Closed hohMiyazawa closed 2 years ago
Thanks for your pull request! It looks like this may be your first contribution to a Google open source project. Before we can look at your pull request, you'll need to sign a Contributor License Agreement (CLA).
View this failed invocation of the CLA check for more information.
For the most up to date status, view the checks section at the bottom of the pull request.
Do you have a more precise speed + density benchmark for this? Thank you!

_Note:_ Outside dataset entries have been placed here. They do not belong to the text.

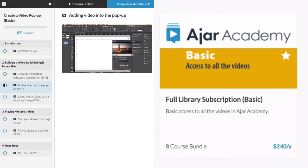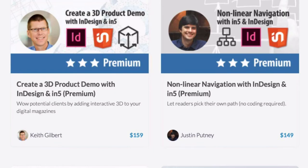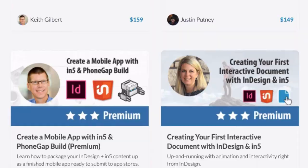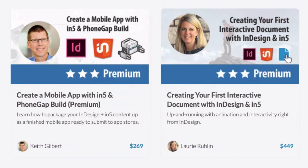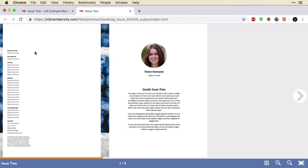New courses are added regularly, so your subscription will grow over time. Whether you're creating a digital magazine, a website, a mobile app, or some other type of digital project, Ajar Academy can help you get the job done. Thanks for watching this introductory video, and I hope you enjoy using Ajar Academy.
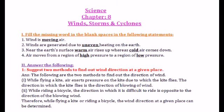Okay children, we are going to take your classwork. Be ready to write the classwork. Chapter 8: Wind, Storms and Cyclone. The first section is filling in the blanks.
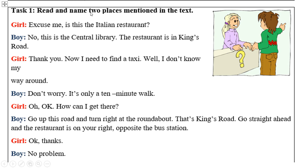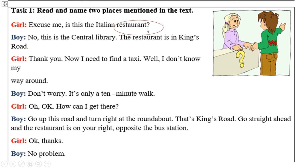Our next task: read and name two places mentioned in the text. Press the pause button and take one or two minutes to read this dialogue. Now, have you finished reading? Did you find the two places mentioned in the text? The first one is a restaurant, and the second one is a library. These two places were mentioned in the dialogue.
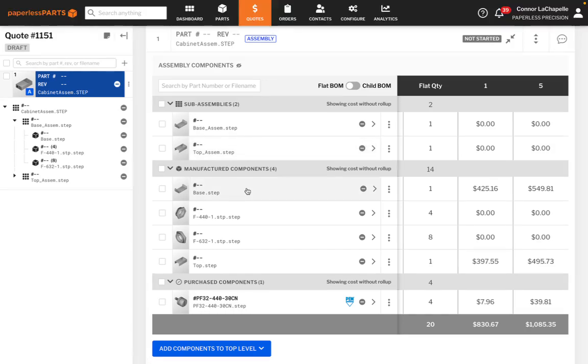For more information, please visit paperlessparts.com or contact our sales team.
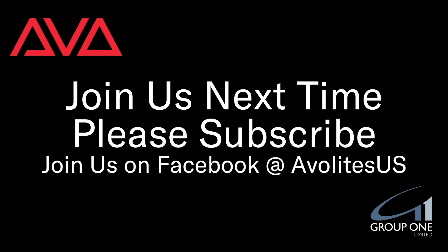I hope you learned something. Please join us on Facebook at AvolightesUS. Join us here next time. Please subscribe. Thanks. Bye.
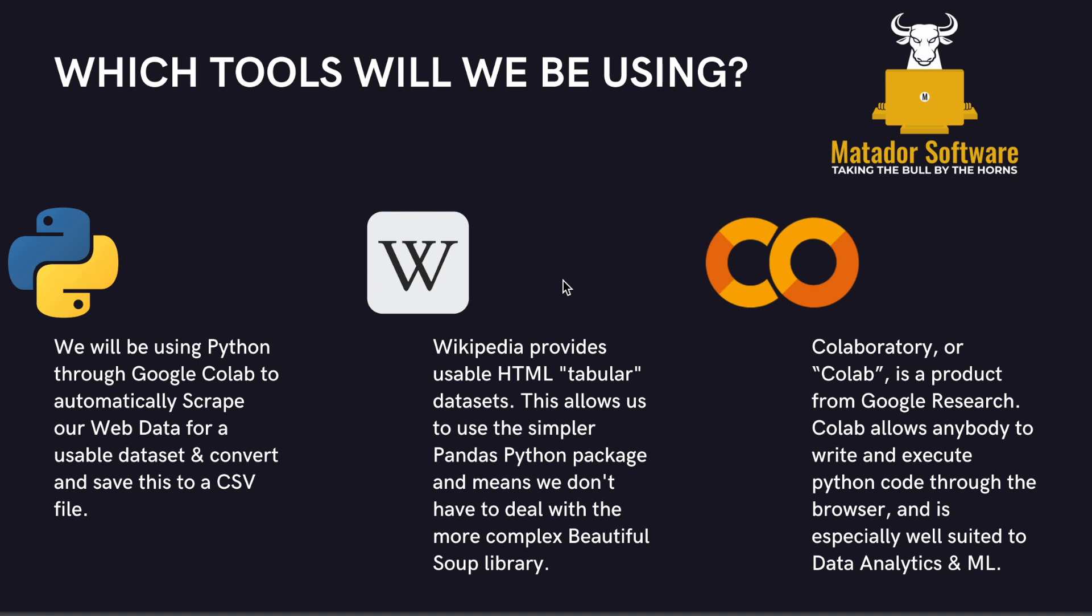Google Colab is a product from Google and it allows anybody to write and execute Python code through the browser. It saves us going through the hassle of installing IDEs and text editors and it's really well suited to data analytics and machine learning.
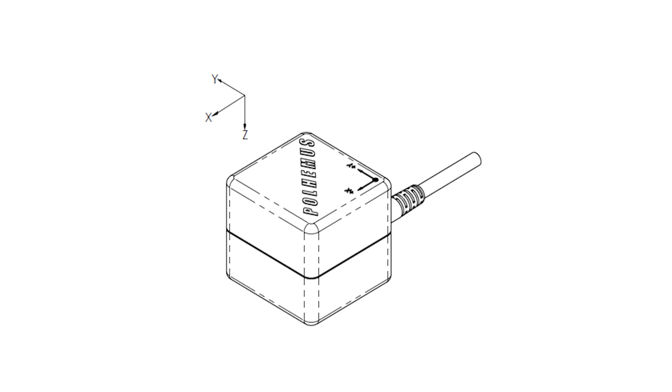This can be changed later, but for today's example we will be using positive x since it is the factory default.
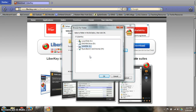At this stage you want to select the folder that you want LiberKey to be installed on. You'll want to find the name of your USB flash drive. In my case it is the SanDisk on drive E.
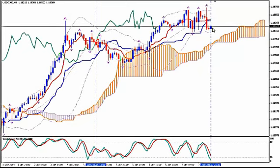Now the current candlestick is bullish, so I suggest you wait for this candlestick to close. You want to enter short — to sell as high as possible.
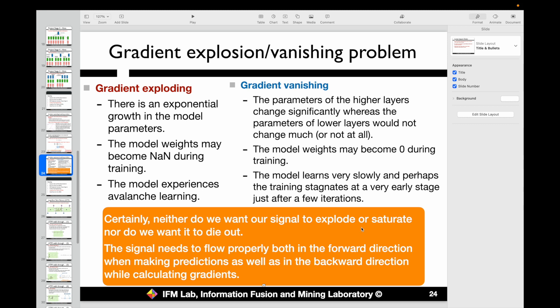We don't want our gradients to easily explode or saturate, nor do we want them to die out. We want to ensure that information and signals flow properly in both the forward direction for predicting outputs and the backward direction for calculating gradients. Gradient vanishing and exploding are very common problems in deep learning, and in interviews, people will ask you what these problems are, what causes them, and how to address them. Make sure you can describe and understand these problems well.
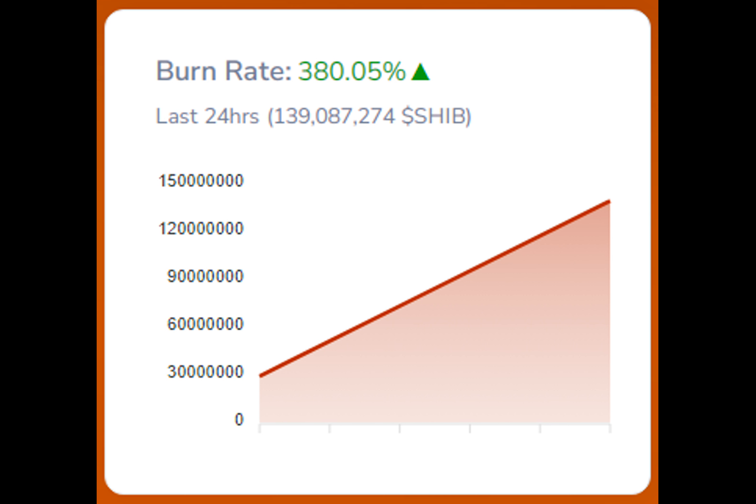The lingering questions surrounding the causal relationship between whale movements and price movements continue to dominate discussions within the crypto community. The answers to these critical queries are anticipated to unfold in the days ahead, with the market's response serving as a barometer for the potential trajectory of SHIB's price chart.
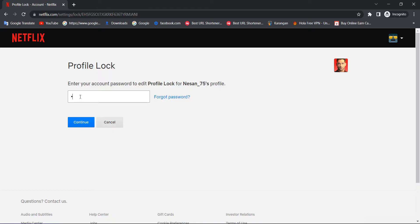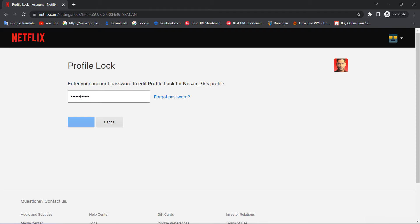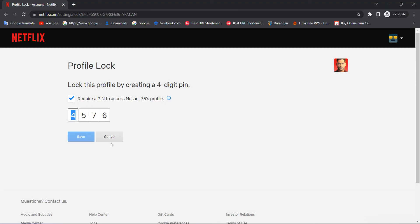So I'm inserting. After I insert, you can see this is the PIN number, four five seven six. Don't edit, don't change anything. Just press the cancel.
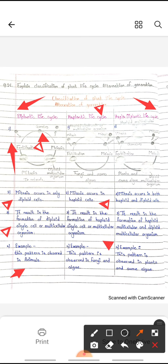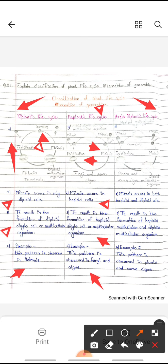In the haplontic life cycle, mitosis results in the formation of a haploid single cell or multicellular organism. After meiosis and fertilization, new organisms can occur. This type of pattern is observed in different types of fungal partners as well as algae.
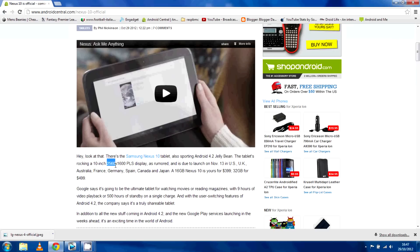It's going to launch on the 13th in the Play Store in the US, UK, Australia, France, Germany, Spain, Canada and Japan, available in 16 and 32GB variants. You can see the price here, $399 for the 16GB and $499 for the 32GB.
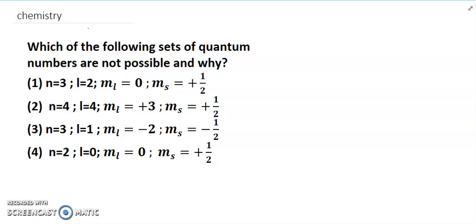Hello friends, welcome to my channel. Today's discussion is quantum numbers at Class 11 level, and it is very important for NEET and IIT examinations. First, let's solve which of the following sets of quantum numbers are not possible and why. This question is very nice, but you have to know the meanings of each quantum number.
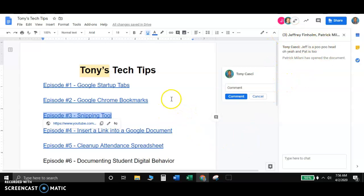Hopefully this little tech tip helped and gives you kind of an idea of how students are interacting on the documents that we give them.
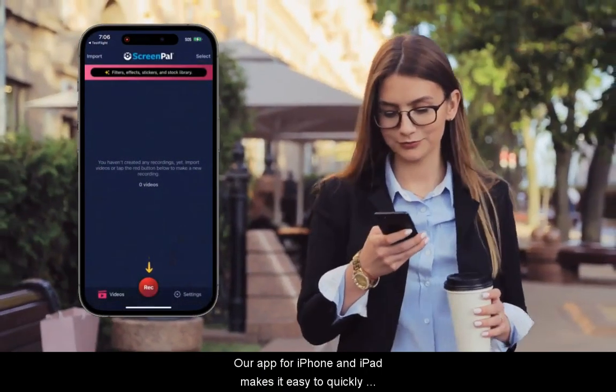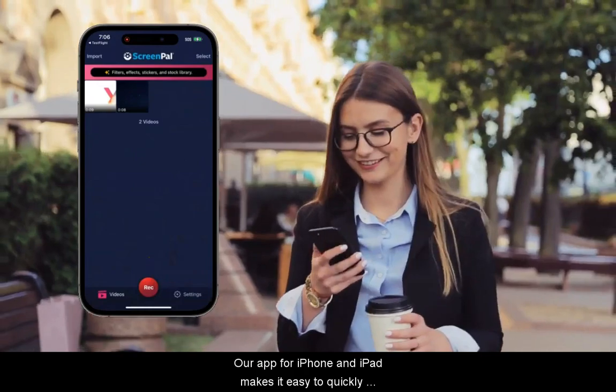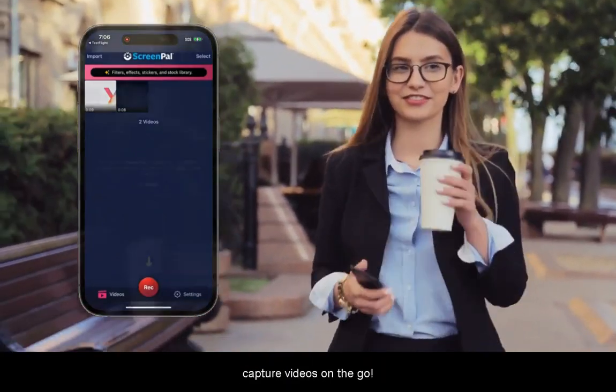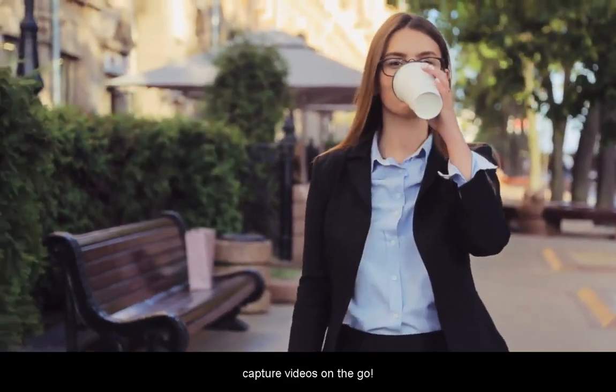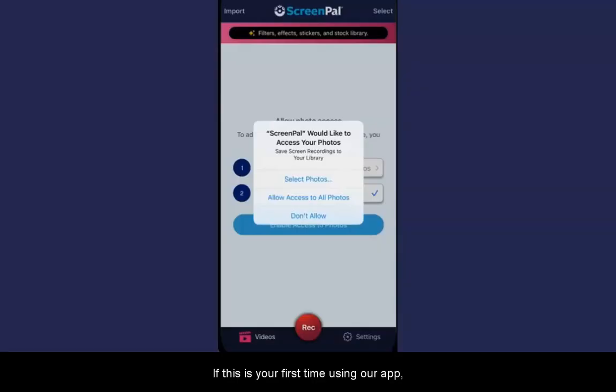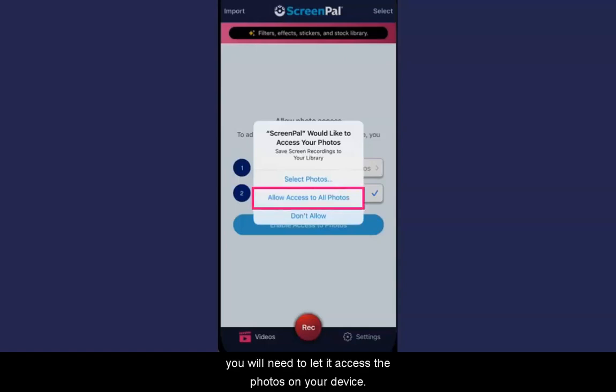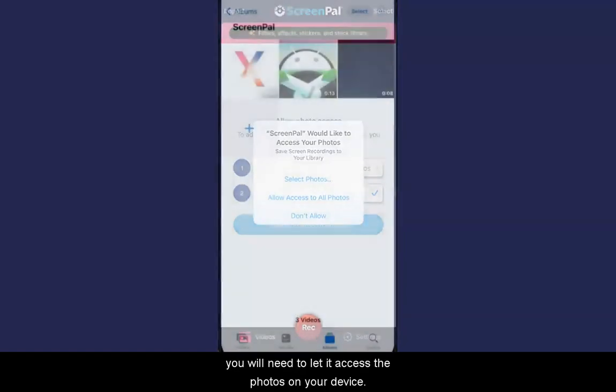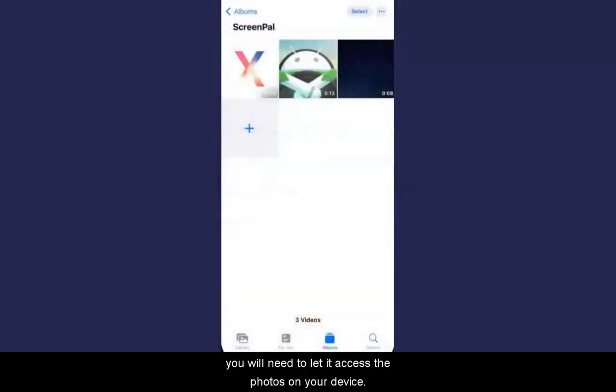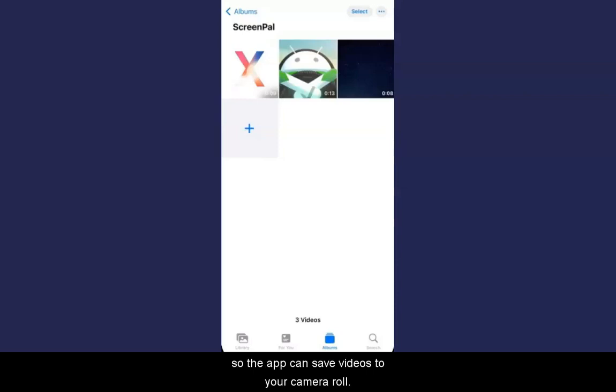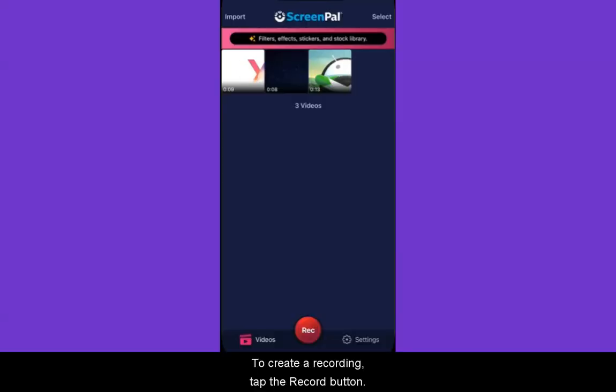Our app for iPhone and iPad makes it easy to quickly capture videos on the go. If this is your first time using our app, you will need to let it access the photos on your device. We need this access to create a ScreenPal folder so the app can save videos to your camera roll.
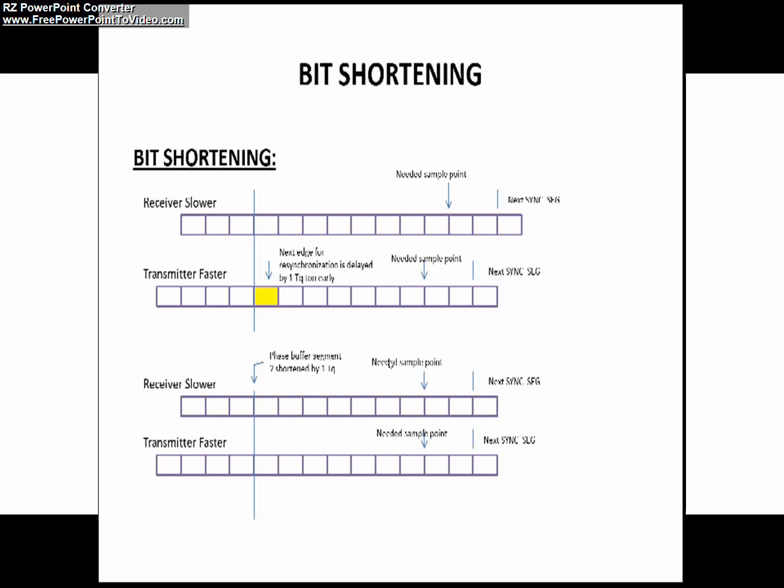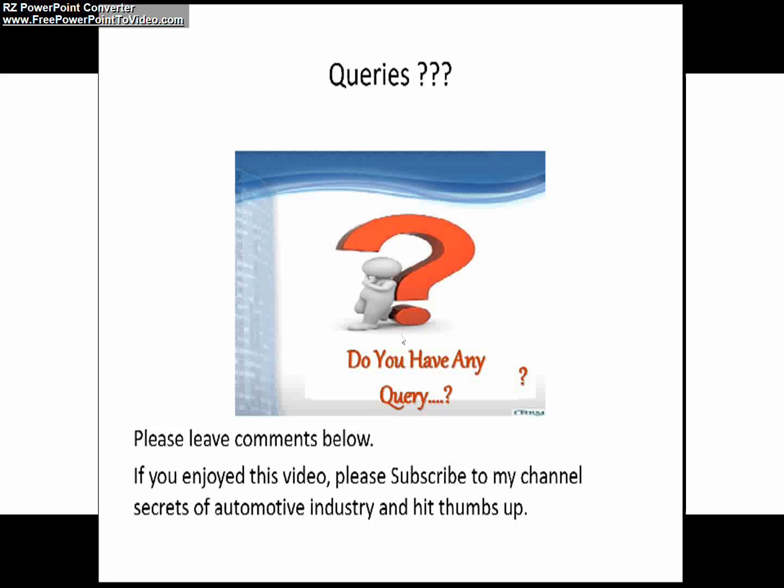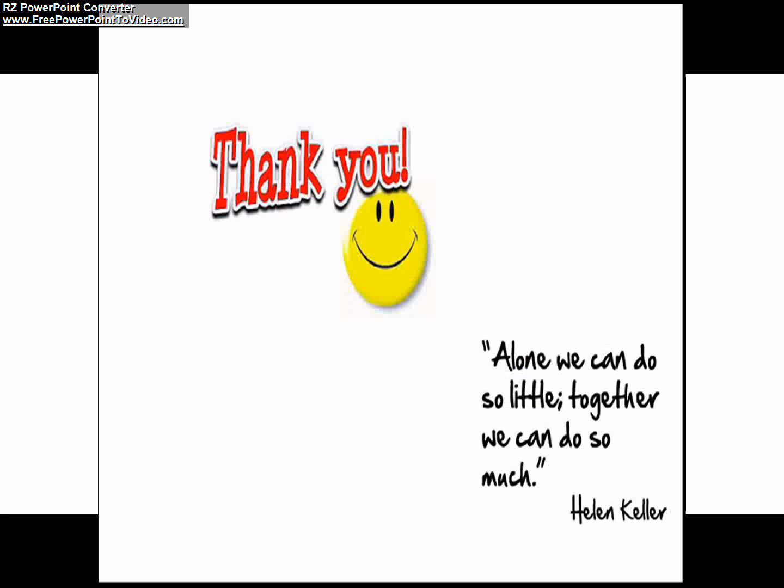So that's all about the bit shortening concept of CAN. For queries, please leave comments below. If you enjoyed this video, please subscribe to my channel Secrets of Automotive Industry and hit thumbs up. Thank you all.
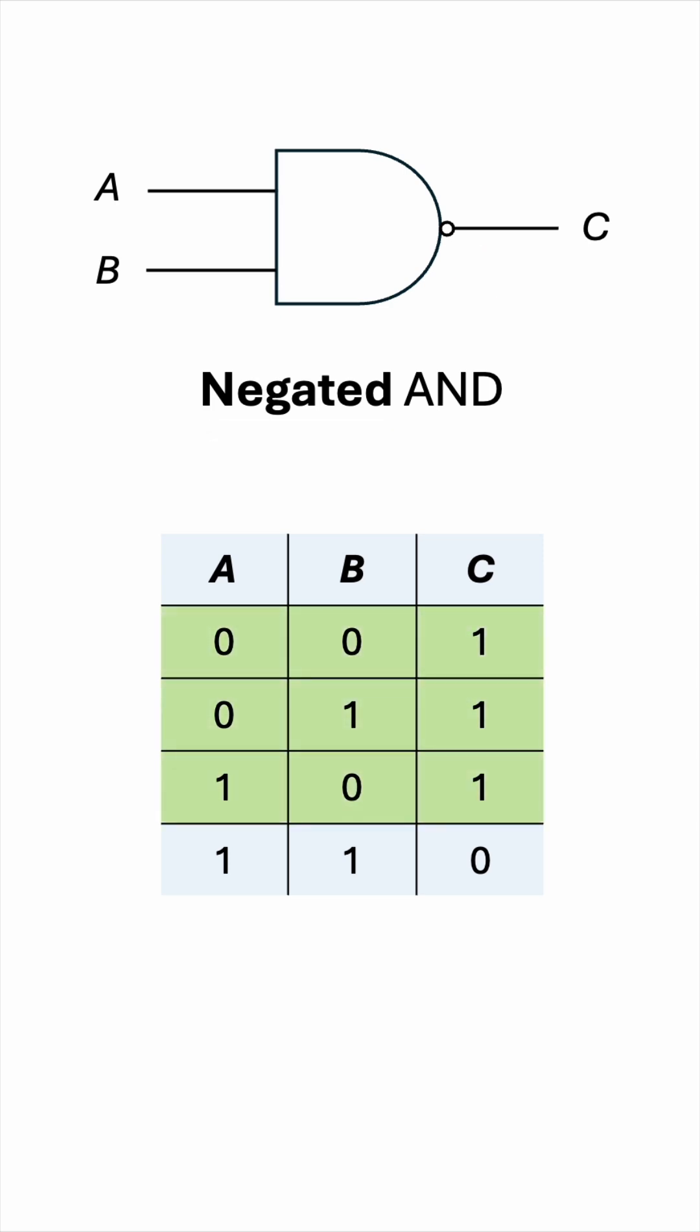The output is high for all cases except when the two inputs are high.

I noticed that the spurious TryPredictor
call can be avoided for a minor perf boost.
--- a/fpnge.cc
+++ b/fpnge.cc
@@ -1019,6 +1019,7 @@
uint8_t predictor;
size_t best_cost = ~0U;
+ bool skip_paeth = true;
if (line_number < paeth_ff_threshold || *paeth_run < paeth_ff_threshold) {// skip full filter search if the paeth_ff_block starts with only paeth filters
// individual filters are skipped if we are done with the stat-gathering part of each filter_skip_block, and the filter was not used enough
if (line_number % filter_skip_block_size < filter_skip_stat_end || filter_counts[1] >= filter_skip_min_count) {
@@ -1047,13 +1048,12 @@
}
}
else {
- // current code assumes paeth calculations are stored, so we have to actually generate them even when no filter seach is performed
- TryPredictor<4, /*store_pred=*/true>(bytes_per_line, current_row_buf, top_buf,
- left_buf, topleft_buf, predicted_data,
- table, best_cost, predictor, dist_nbits);
+ skip_paeth = false;
+ predictor = 4;
}
#else
uint8_t predictor = FPNGE_FIXED_PREDICTOR;
+ bool skip_paeth = false;
#endif
writer->Write(table.first16_nbits[predictor], table.first16_bits[predictor]);
@@ -1195,14 +1195,13 @@
topleft_buf, encode_chunk_cb, adler_chunk_cb, encode_rle_cb);
} else {
assert(predictor == 4);
-#ifdef FPNGE_FIXED_PREDICTOR
- ProcessRow<4>(bytes_per_line, current_row_buf, top_buf, left_buf,
- topleft_buf, encode_chunk_cb, adler_chunk_cb, encode_rle_cb);
-#else
- // re-use predicted data from TryPredictor
- ProcessRow<0>(bytes_per_line, predicted_data, nullptr, nullptr, nullptr,
- encode_chunk_cb, adler_chunk_cb, encode_rle_cb);
-#endif
+ if (skip_paeth)
+ // re-use predicted data from TryPredictor
+ ProcessRow<0>(bytes_per_line, predicted_data, nullptr, nullptr, nullptr,
+ encode_chunk_cb, adler_chunk_cb, encode_rle_cb);
+ else
+ ProcessRow<4>(bytes_per_line, current_row_buf, top_buf, left_buf,
+ topleft_buf, encode_chunk_cb, adler_chunk_cb, encode_rle_cb);
}
flush_adler();
Out of interest, is your test script + sample images publicly available?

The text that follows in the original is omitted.